---------- Task data

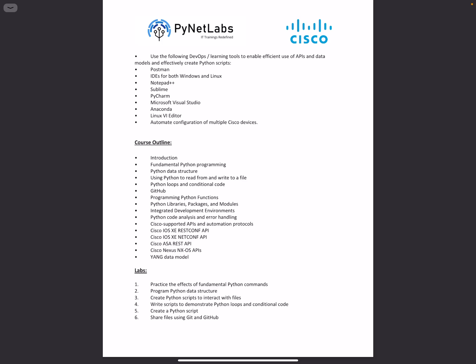This includes IOS, ASA OS on firewalls, IOS XE, and NX-OS on Nexus switches. We'll be exploring different tools available for easing configuration using YANG data models, such as YANG Explorer.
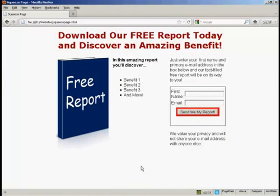Squeeze pages are a great way to get people to sign up to your mailing list. You offer some sort of a freebie, generally a free report, free software, or something like that, and people have to sign up to your mailing list to get it. Most of them are actually very simple HTML pages, and I'm going to show you how to make one in this video.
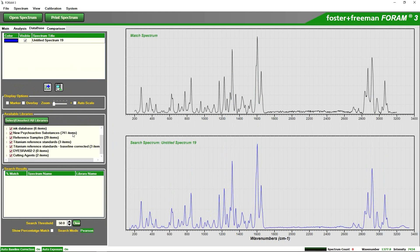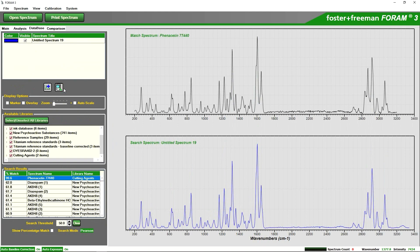I will search all of the databases for our particular sample. Click search and in this case we can see we have a 99.6% match with phenacetin.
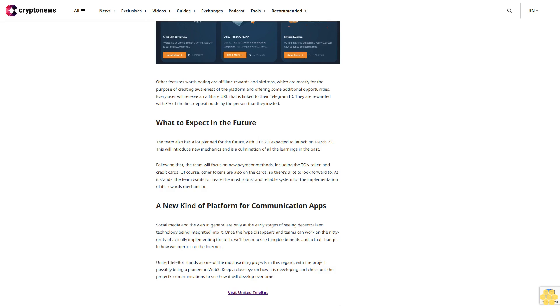So there's a lot to look forward to. As it stands, the team wants to create the most robust and reliable system for the implementation of its rewards mechanism. A new kind of platform for communication apps. Social media and the web in general are only at the early stages of seeing decentralized technology being integrated into it.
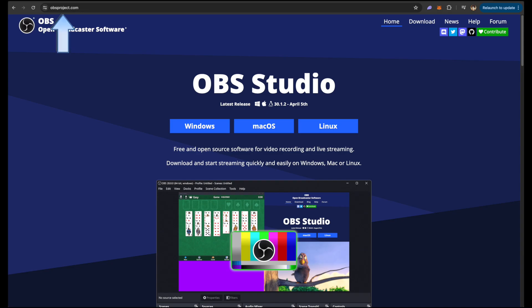First, you need to go to obsproject.com to download the OBS software. This is a free and open source software which is popular for screen recording and live streaming. Select your operating system, either Windows, Mac OS, or Linux.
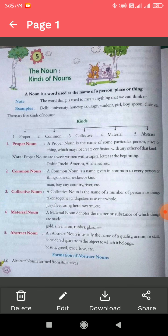Now see the common noun. A common noun is a name given in common to every person or thing of the same class or kind. Examples: man, boy, city, country, river. All things which are very common to every person or thing — we can say it is a common noun. For example, 'boy' — in the class there are so many boys; we are not talking about a specific or particular person. A country — there are so many countries in the world; we are not talking about a single particular country. So it is called common noun.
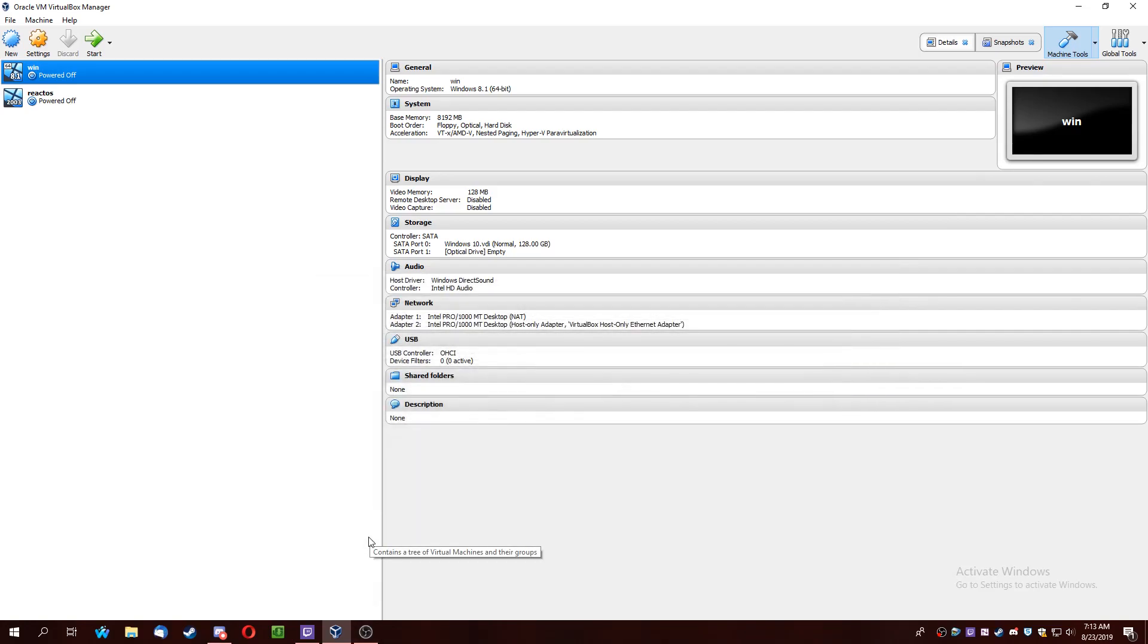Hello everyone. Today I'm going to show you how to get Aero in Windows 7 in VirtualBox.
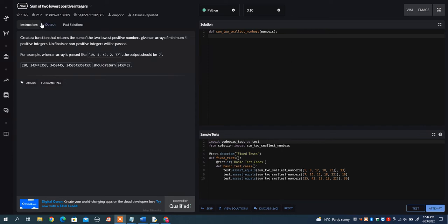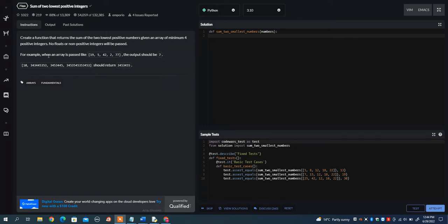In this video, I want to go over the sum of the two lowest positive integers problem on Codewars. What I want you to do is create a function that returns the sum of the two lowest positive numbers given an array of minimum four positive integers. No floats or non-positive integers will be passed.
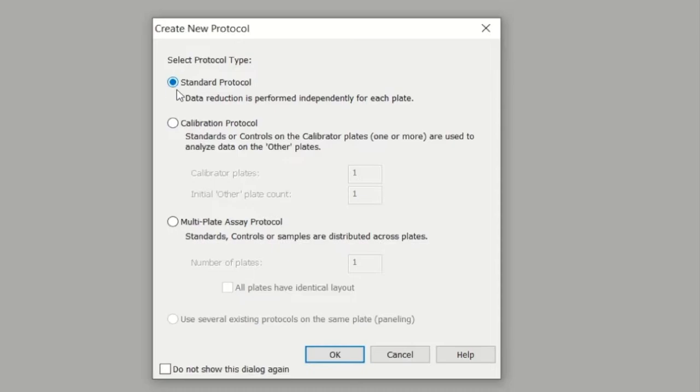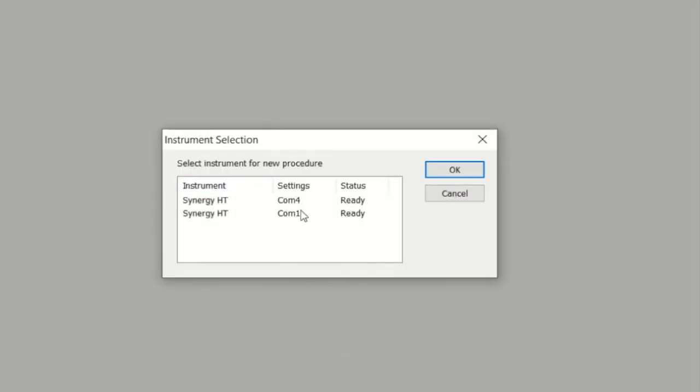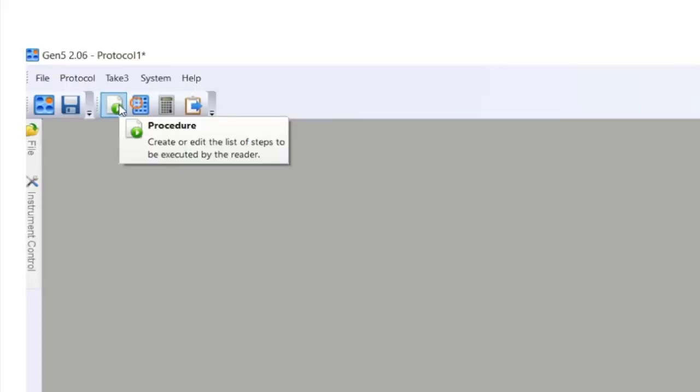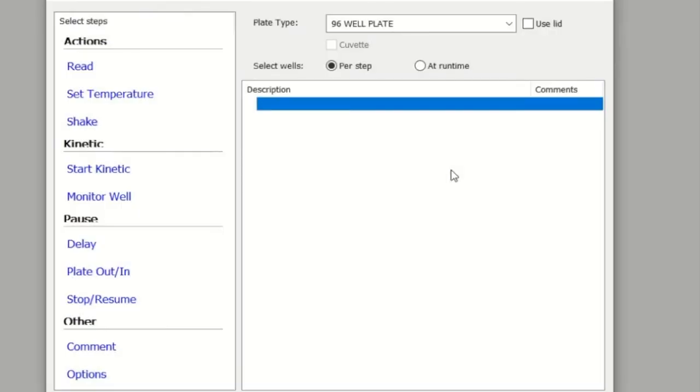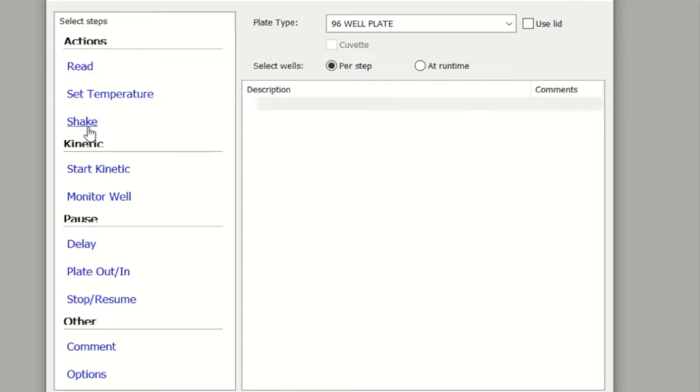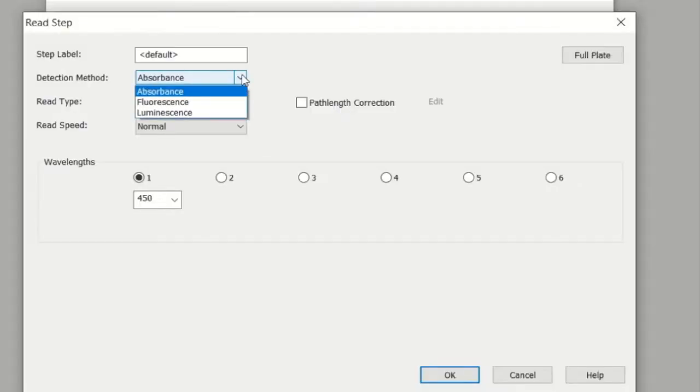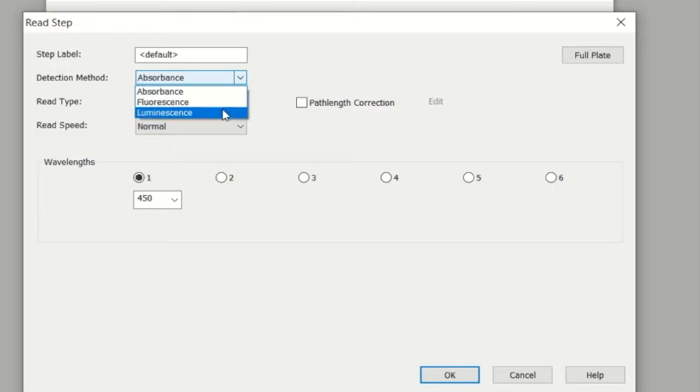You get the interface where you've got the option of going to Procedure. Here you create or edit the list of steps that you want the program to execute when reading. I'm going to go ahead and choose Read and let it know what sort of read we're doing. Are we doing absorbance, fluorescence, or luminescence?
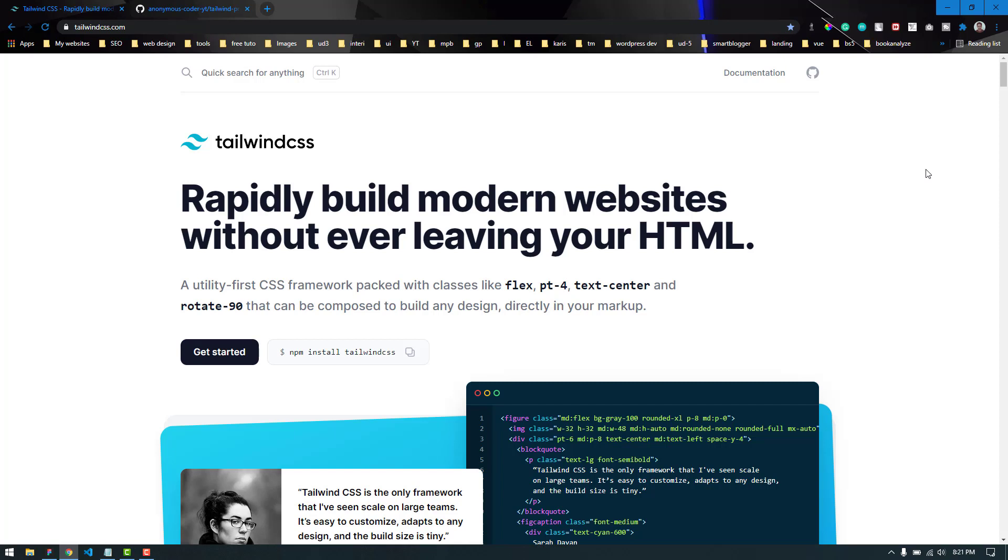Even if you are using another CSS framework like Bootstrap or Materialize, you should give Tailwind CSS a try. I was using Bootstrap before, but after learning Tailwind, I use it on most of my projects.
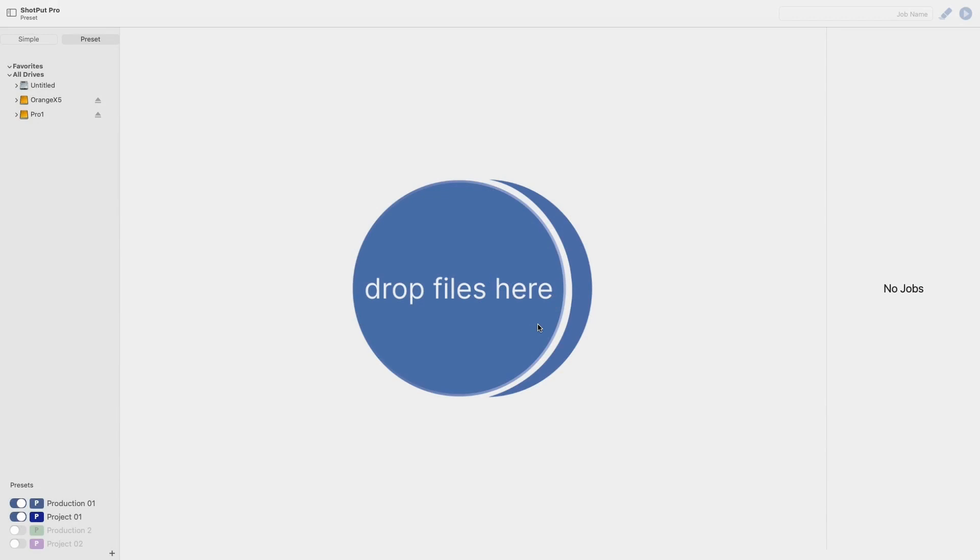Hello and welcome to the Imagine products YouTube channel. In this tutorial I'll be covering two features that were added in the newest update of ShopUp Pro.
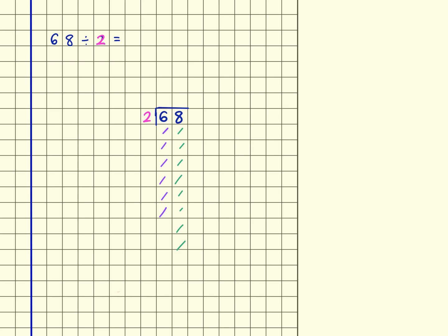And we're looking for groups of 2, so there's 1 group, 2 groups, 3 groups — just write those to check: 1, 2, 3. And the 3 goes up here to show there are 3 groups of 2 within the tens column.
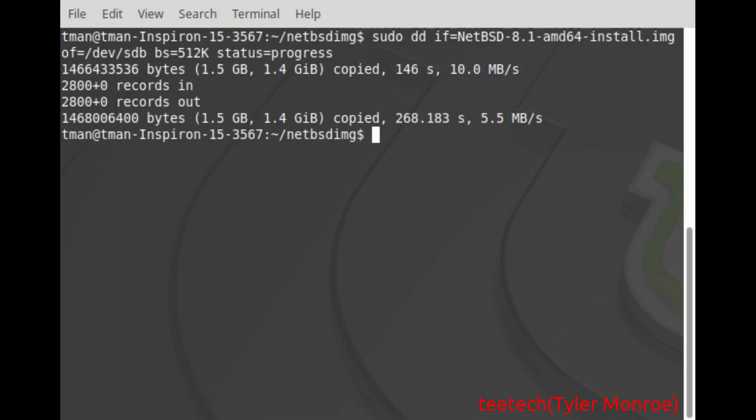Okay our copy just finished. Now the one thing you may see is something called an input output error where it couldn't write the information. If you see that the things you want to check, the first thing is redownload the image. You want to make sure it's not corrupted for some reason.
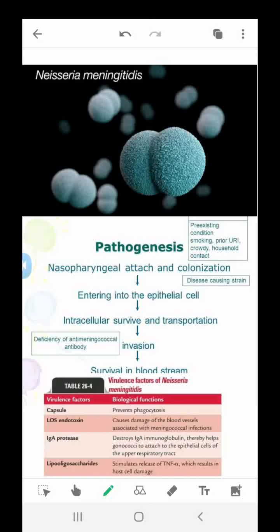It has been reported to cause urethritis, but recently incidence of meningococcal arthritis has been increasing in heterosexual men and in men who have sex with men. These men frequently reported oral sex. It colonizes the nasopharynx and may also cause proctitis, primarily in men who have sex with men.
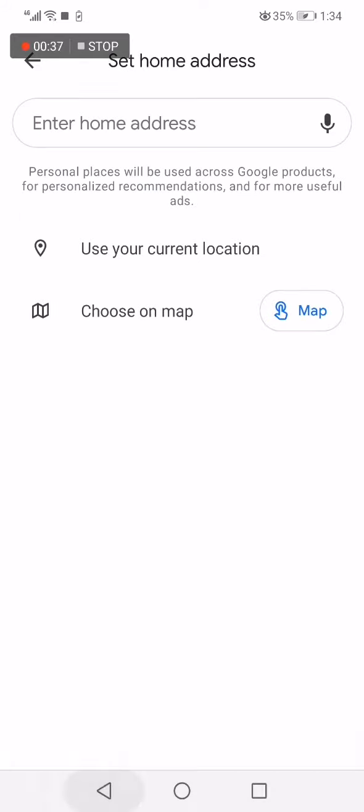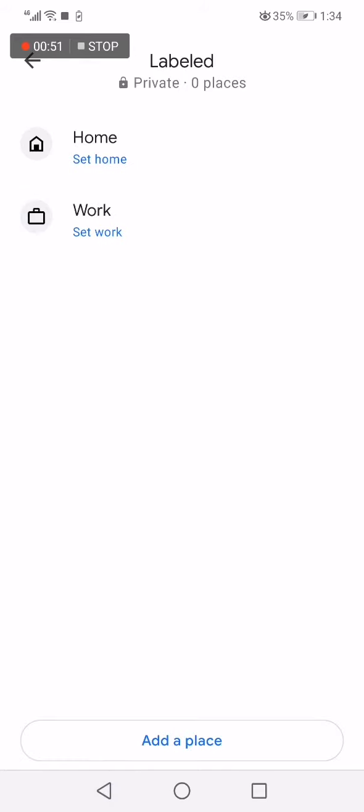Just enter home address or you can use your current location if you are in the home that you want to add to Google Map. If this video was helpful, don't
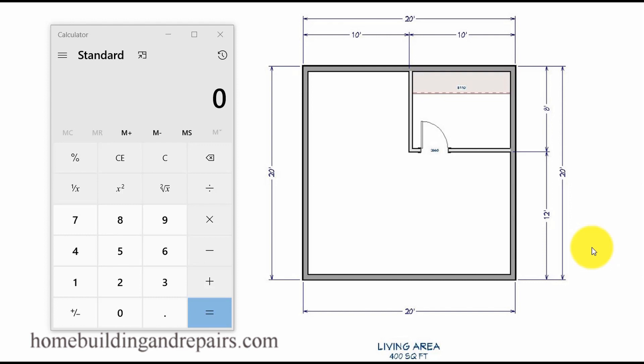This video is the result of a question I received a couple of days ago. If I understand the individual correctly, they wanted to know how you measure the square footage of a building. Basically, there are two ways.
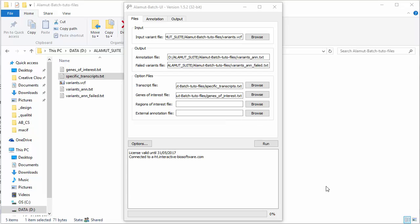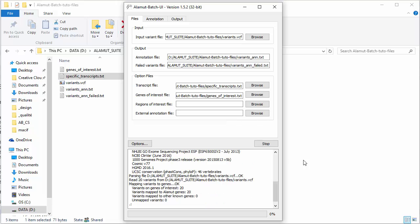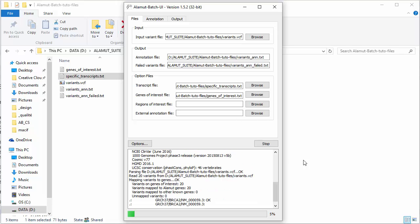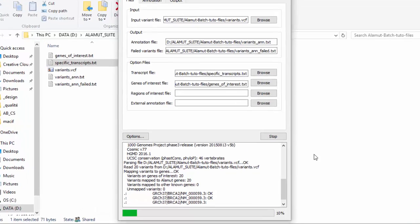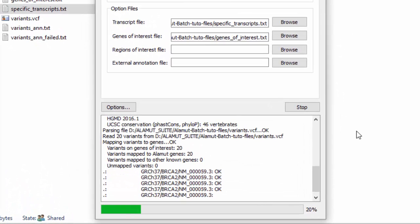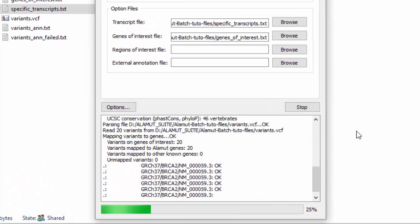Click on Run to launch the analysis. Alamut Batch will let you know when the annotation process is complete. Here, you can visualize at any time the progress of the analysis process.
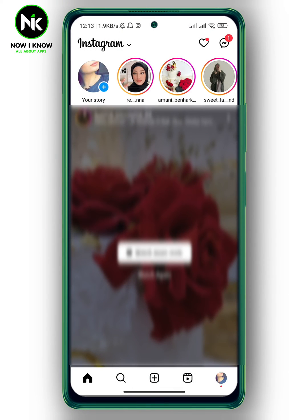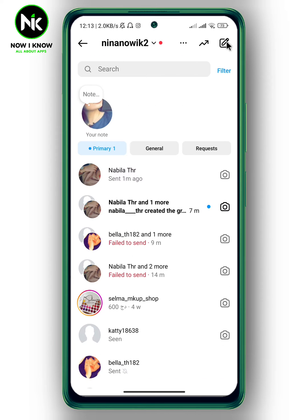Open the app. If you're in a group chat on Instagram and you want to leave that chat group, the first thing we're going to do is tap on the messenger icon at the top right corner. Now choose the group chat you want to leave — for example, I'm going to choose this one.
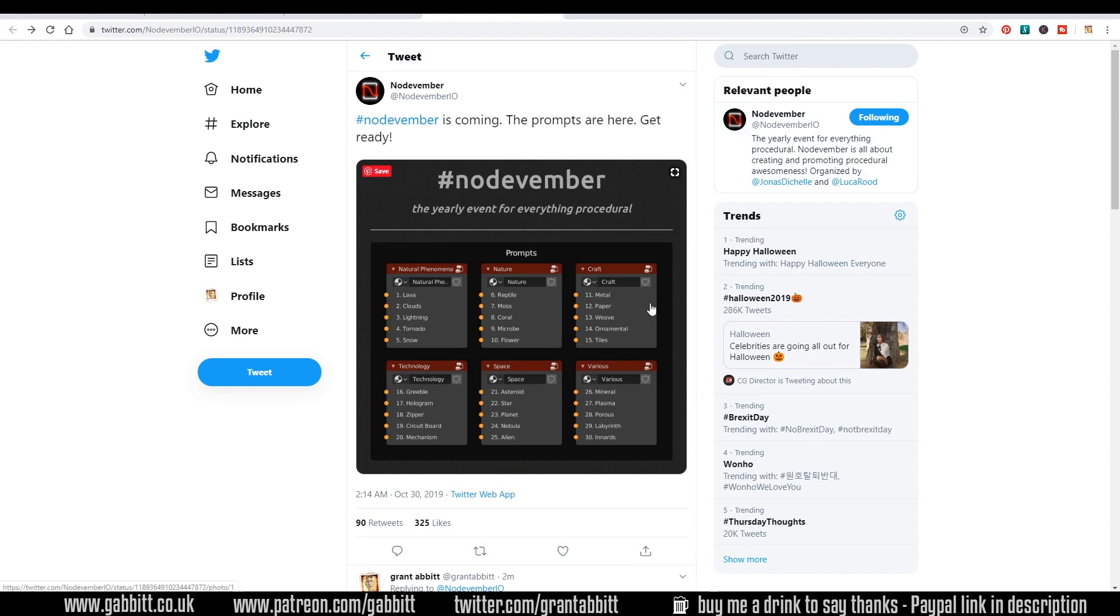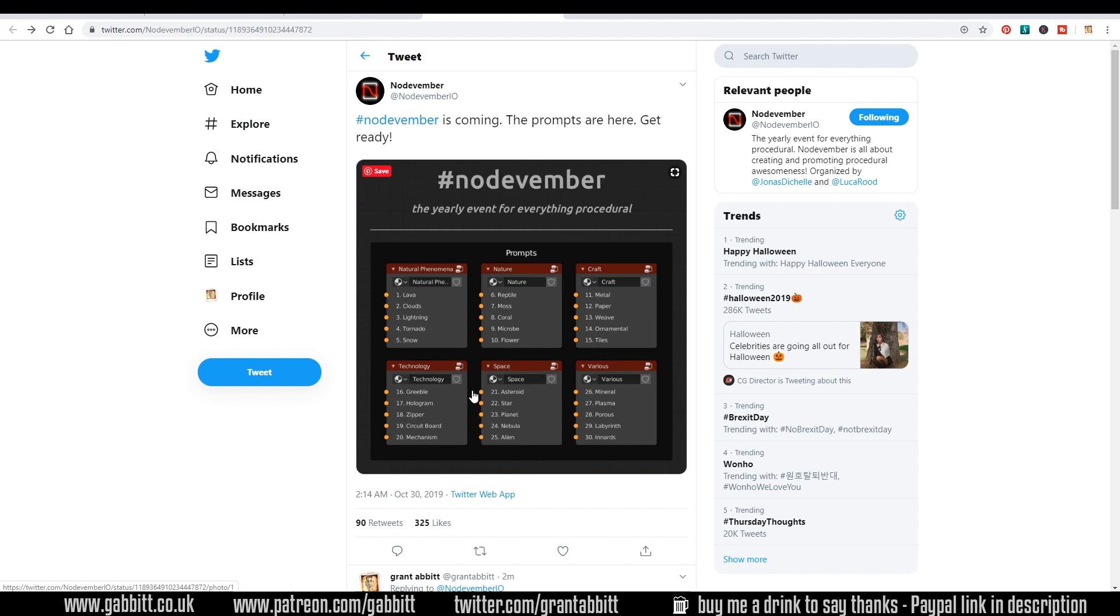So the prompts are given here and you can see that they've got Natural Phenomenon, Nature, Craft, Technology, Space and Various and some of them sound quite tough like Greeble for example or Nebula I can imagine going to be a bit of a tough one.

--------------------

**Exercise brief:** The reply must consist of the complete listing, reproduced exactly, with no images.

**Answer area:**
This includes IOS, ASA OS on firewalls, IOS XE, and NX-OS on Nexus switches. We'll be exploring different tools available for easing configuration using YANG data models, such as YANG Explorer.
Squeeze pages are a great way to get people to sign up to your mailing list. You offer some sort of a freebie, generally a free report, free software, or something like that, and people have to sign up to your mailing list to get it. Most of them are actually very simple HTML pages, and I'm going to show you how to make one in this video.
I will search all of the databases for our particular sample. Click search and in this case we can see we have a 99.6% match with phenacetin.
So there's a lot to look forward to. As it stands, the team wants to create the most robust and reliable system for the implementation of its rewards mechanism. A new kind of platform for communication apps. Social media and the web in general are only at the early stages of seeing decentralized technology being integrated into it.
First, you need to go to obsproject.com to download the OBS software. This is a free and open source software which is popular for screen recording and live streaming. Select your operating system, either Windows, Mac OS, or Linux.
Now see the common noun. A common noun is a name given in common to every person or thing of the same class or kind. Examples: man, boy, city, country, river. All things which are very common to every person or thing — we can say it is a common noun. For example, 'boy' — in the class there are so many boys; we are not talking about a specific or particular person. A country — there are so many countries in the world; we are not talking about a single particular country. So it is called common noun.
Hello everyone. Today I'm going to show you how to get Aero in Windows 7 in VirtualBox.
In this video, I want to go over the sum of the two lowest positive integers problem on Codewars. What I want you to do is create a function that returns the sum of the two lowest positive numbers given an array of minimum four positive integers. No floats or non-positive integers will be passed.
You get the interface where you've got the option of going to Procedure. Here you create or edit the list of steps that you want the program to execute when reading. I'm going to go ahead and choose Read and let it know what sort of read we're doing. Are we doing absorbance, fluorescence, or luminescence?
Even if you are using another CSS framework like Bootstrap or Materialize, you should give Tailwind CSS a try. I was using Bootstrap before, but after learning Tailwind, I use it on most of my projects.
Hello and welcome to the Imagine products YouTube channel. In this tutorial I'll be covering two features that were added in the newest update of ShopUp Pro.
And we're looking for groups of 2, so there's 1 group, 2 groups, 3 groups — just write those to check: 1, 2, 3. And the 3 goes up here to show there are 3 groups of 2 within the tens column.
Okay our copy just finished. Now the one thing you may see is something called an input output error where it couldn't write the information. If you see that the things you want to check, the first thing is redownload the image. You want to make sure it's not corrupted for some reason.
It has been reported to cause urethritis, but recently incidence of meningococcal arthritis has been increasing in heterosexual men and in men who have sex with men. These men frequently reported oral sex. It colonizes the nasopharynx and may also cause proctitis, primarily in men who have sex with men.
Just enter home address or you can use your current location if you are in the home that you want to add to Google Map. If this video was helpful, don't
This video is the result of a question I received a couple of days ago. If I understand the individual correctly, they wanted to know how you measure the square footage of a building. Basically, there are two ways.
Click on Run to launch the analysis. Alamut Batch will let you know when the annotation process is complete. Here, you can visualize at any time the progress of the analysis process.
Open the app. If you're in a group chat on Instagram and you want to leave that chat group, the first thing we're going to do is tap on the messenger icon at the top right corner. Now choose the group chat you want to leave — for example, I'm going to choose this one.
So the prompts are given here and you can see that they've got Natural Phenomenon, Nature, Craft, Technology, Space and Various and some of them sound quite tough like Greeble for example or Nebula I can imagine going to be a bit of a tough one.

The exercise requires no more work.